* **SUPPLIED INFORMATION**:
########

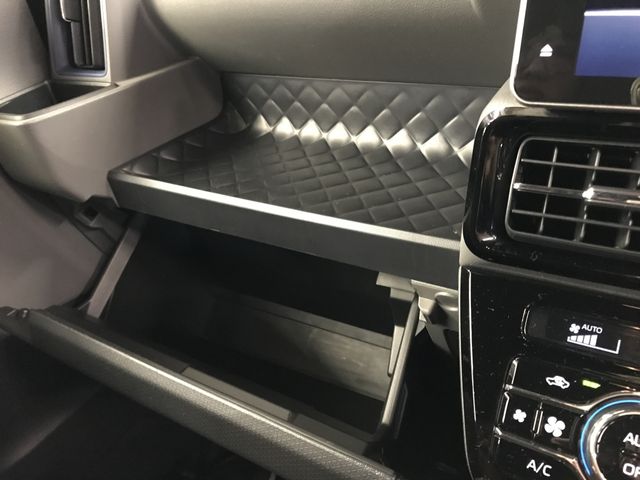 DAIHATSU TANTO CUSTOM 2020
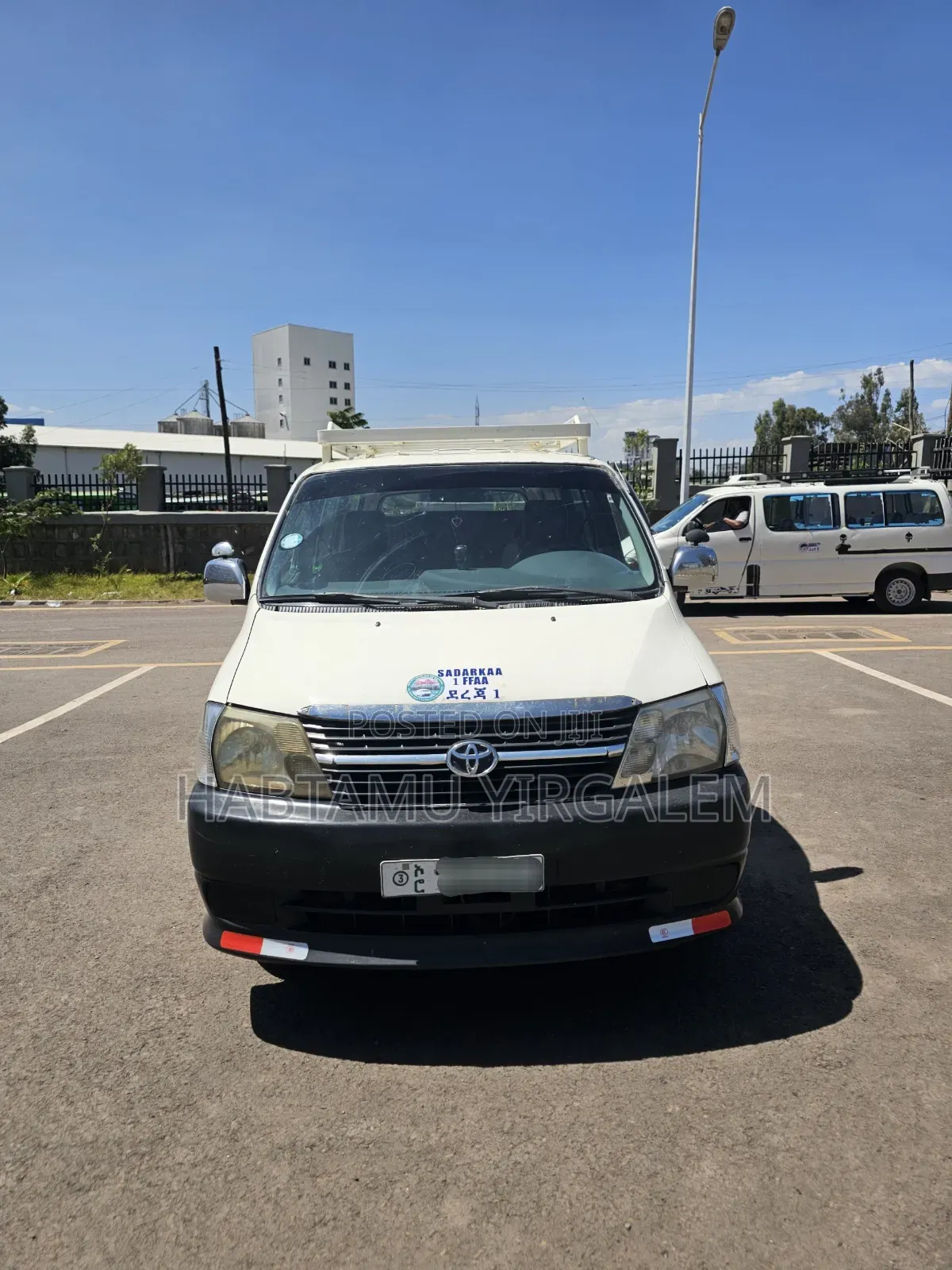 Toyota HiAce 2008 White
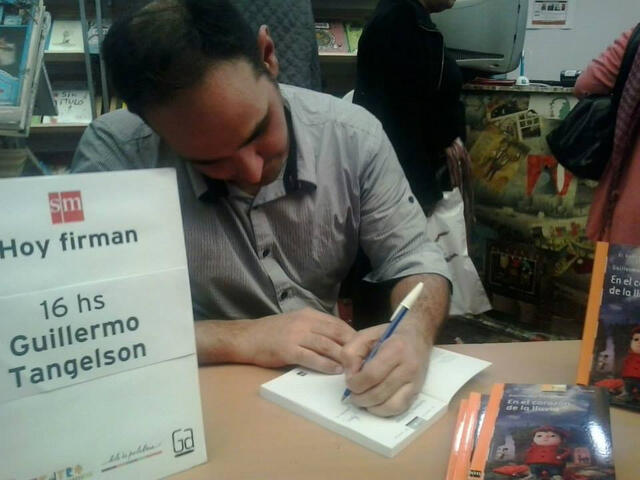 Mi primera firma de libros.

########

* **ASSIGNMENT**: For this exercise, reproduce the data above exactly from the line containing "Toyota HiAce 2008 White" through its final line, both ends included, with no pictures in the copy.

* **EXPECTED ANSWER**:
 Toyota HiAce 2008 White
 Mi primera firma de libros.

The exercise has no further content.